> What is being asked: Every record below should be repeated exactly, with the pictures left out.

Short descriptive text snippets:
________________________
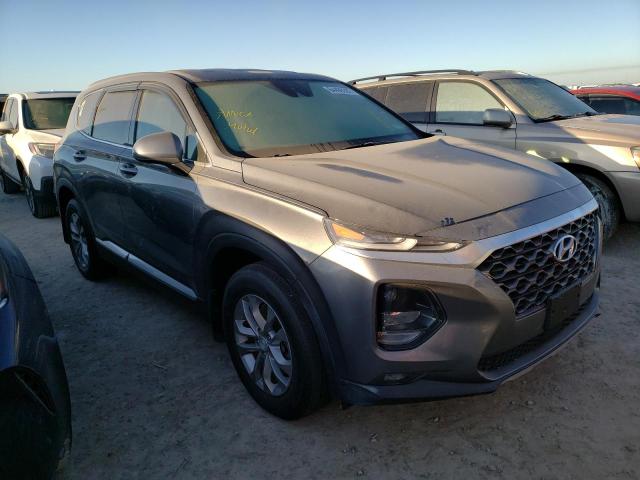 HYUNDAI SANTA FE S 2019 5nms33ad0kh130494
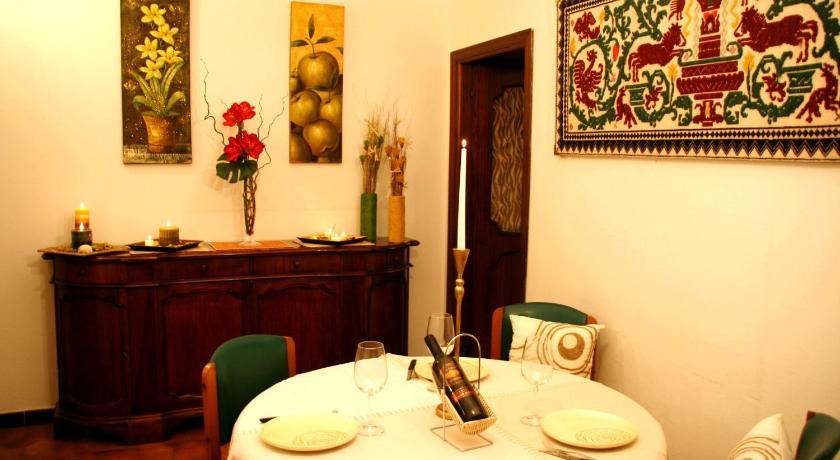 Solemare Accommodation Alghero Phòng bức ảnh
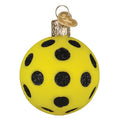 Pickleball Ornament
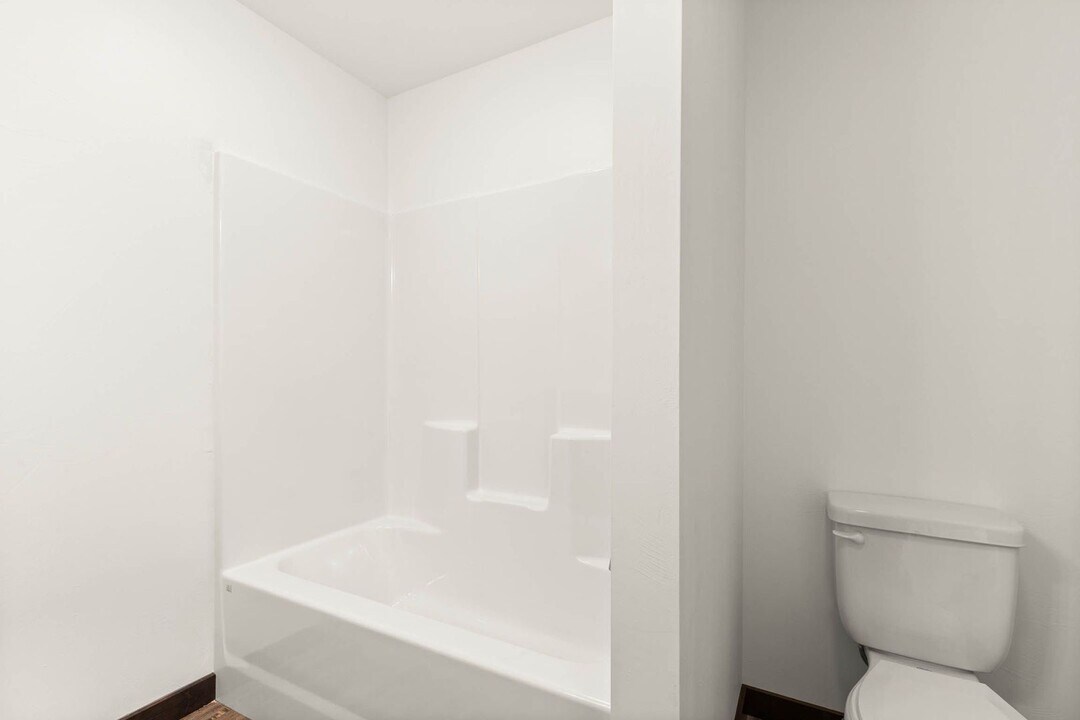 853 Rookery Ln-Unit -Unit C in Bozeman, MT - Building Photo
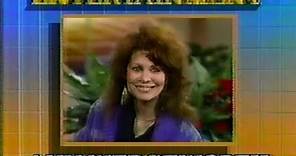 Ann Wedgeworth in the news: CBS Morning News (1985)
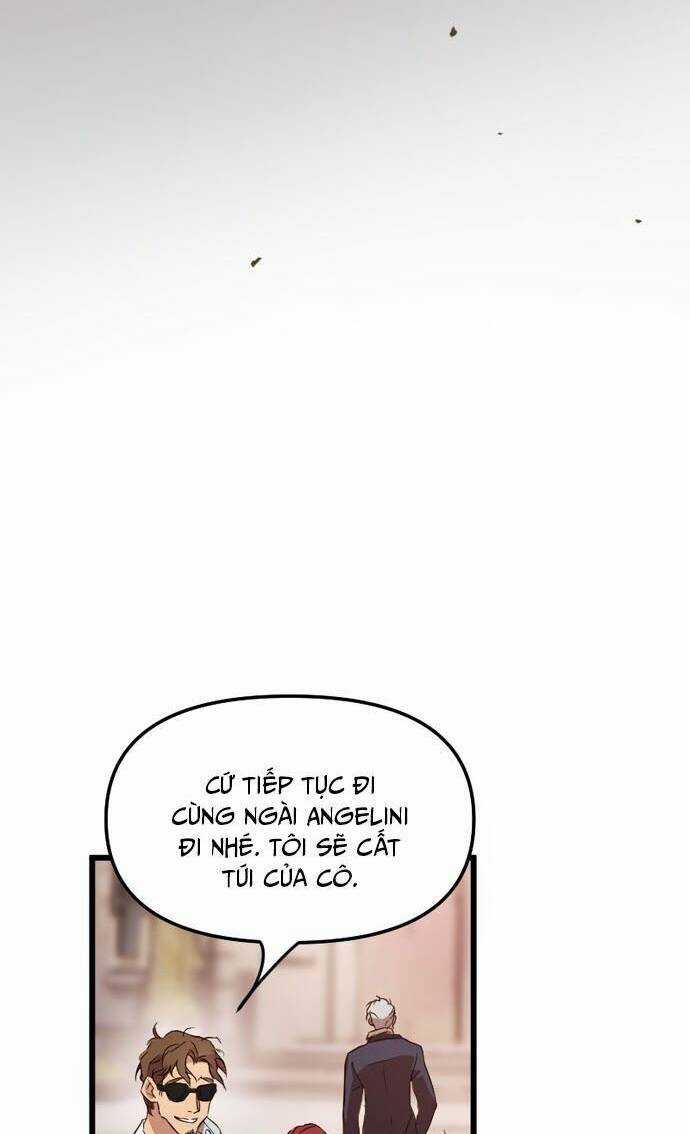 Bảo Mẫu Mafia - Chapter 2 - Trang 58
________________________
> Task result:
 HYUNDAI SANTA FE S 2019 5nms33ad0kh130494
 Solemare Accommodation Alghero Phòng bức ảnh
 Pickleball Ornament
 853 Rookery Ln-Unit -Unit C in Bozeman, MT - Building Photo
 Ann Wedgeworth in the news: CBS Morning News (1985)
 Bảo Mẫu Mafia - Chapter 2 - Trang 58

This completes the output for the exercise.